神官・牧師・神父とは?
神官・牧師・神父はいずれも葬儀にも関わる宗教上の役職ですが、それぞれどのような人たちなのでしょうか。
神官とは、神社・神殿で神に仕えて祭儀・葬儀や社務を執り行う人を神官といいます。以前は特に公的に国家の官吏として任命された人を指しましたが、現在の日本では厳密な意味での神官は存在せず、いわゆる神主(神職)が俗に神官と呼ばれています。
牧師とは、キリスト教のうち、プロテスタントにおける教職者を指します。キリストが自らを牧者(羊飼い)に例えたことに由来しています。
また、神父はカトリック教会・正教会・東方諸教会において、司祭に対して呼びかける際に用いられる敬称です。教会では教会を一つの家族のようにとらえて、(父親的存在といった意味で)聖職者を呼ぶことからくる呼び名です。
神官は神道、神父・牧師はキリスト教の役職の呼び名である点でまず違いがありますが、牧師と神父でもプロテスタント・カトリックという宗派の違いからくるいくつかの相違点があります。
まず、牧師は教区・教会を管理し、信仰の指導をする人という意味で使われます。ただし、プロテスタントでは、すべての信者が祭司であるという教理(万人祭司)をもっているので、牧師はあくまで信者同士の交流から生まれた役割として理解されています。したがって、牧師は一般の信者と同じ立場と考えられており、序列がありません。

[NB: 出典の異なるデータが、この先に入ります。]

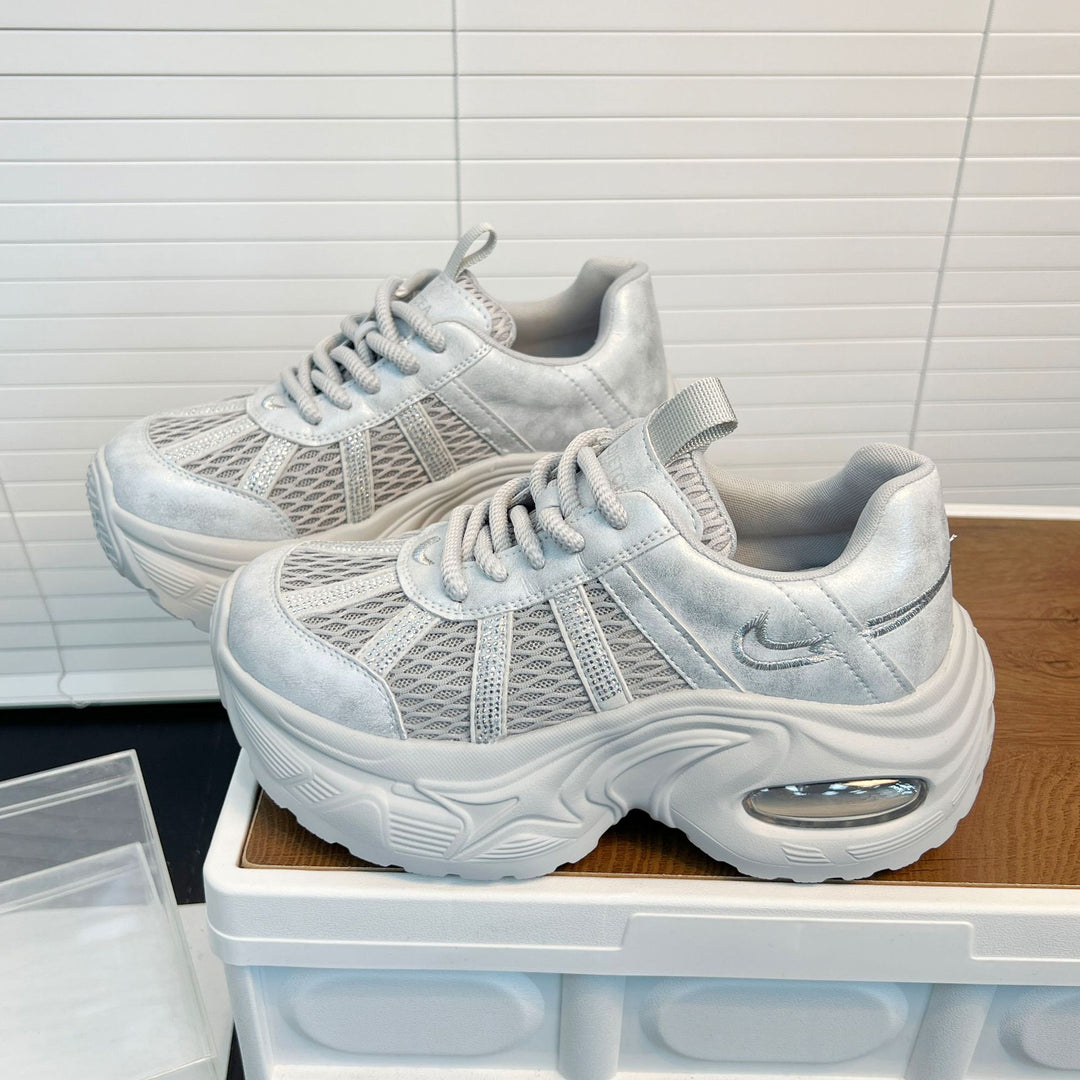 Damen Sportliche Trend-Sneaker mit atmungsaktiver Mesh-Oberfläche und dämpfendem Fußbett R&B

これに対して神父の場合、聖職者には大主教や長司祭、司祭、輔祭等の序列があります。そして、宗派により違いがありますが、聖職者には結婚・妻帯が原則認められない、という厳格な決まりもあります。(牧師は結婚・妻帯が認められています。)
神官・牧師・神父の豆知識:葬儀での役割
神式では、葬儀は神葬祭と呼ばれます。神葬祭では、故人が亡くなったことを守り神である先祖の霊に知らせ、先祖のもとへ故人を送ります。また、遺された家族を守ってくれるように祈りを捧げます。
また、神道において、死は「穢れ(けがれ)」とされており、これを「祓い、浄める(はらい、きよめる)」ことも、神葬祭の目的とされています。
この神葬祭は斎主と呼ばれる神官によって執り行われます。また、副斎主・斎員が斎主を補助します。なお、神道では死を穢れとされているので、葬儀は神社では行うことはできず、「祭場」として自宅や斎場を使います。
これに対して、キリスト教では葬儀は死者への供養を行うのではなく、故人に与えられた生涯を神に感謝し、神への礼拝をするという考え方で行われています。したがって、遺影や遺体に手を合わせたり、拝んだりしません。
カトリックでは通夜のことを「通夜の儀」といいます。また、プロテスタントでは通夜を「前夜祭」と呼び、いずれも神父や牧師が進行役と世話役を務めるのが一般的です。
このように、それぞれの宗教で葬儀のやり方が違うのは、それぞれの宗教において生と死に関する考え方が異なることによります。
つまり、仏教では、故人は来世で仏様の弟子になると考えられえていますが、神道においては、故人の霊は祖先の霊といっしょに家にとどまって、家族の守り神になると考えられています。そして、キリスト教では、死は神に召されて天国で安息を得る喜ばしいことであると考えます。
このようなそれぞれの考え方があるので、神葬祭では、故人の霊を神として祀る儀式が中心となり、キリスト教の葬儀では、故人が神に召されて安息を得られるように祈る儀式となっています。
それぞれの宗教を完全に理解するのは難しいかもしれませんが、基本的な考え方は理解して故人を見送ってあげたいですね。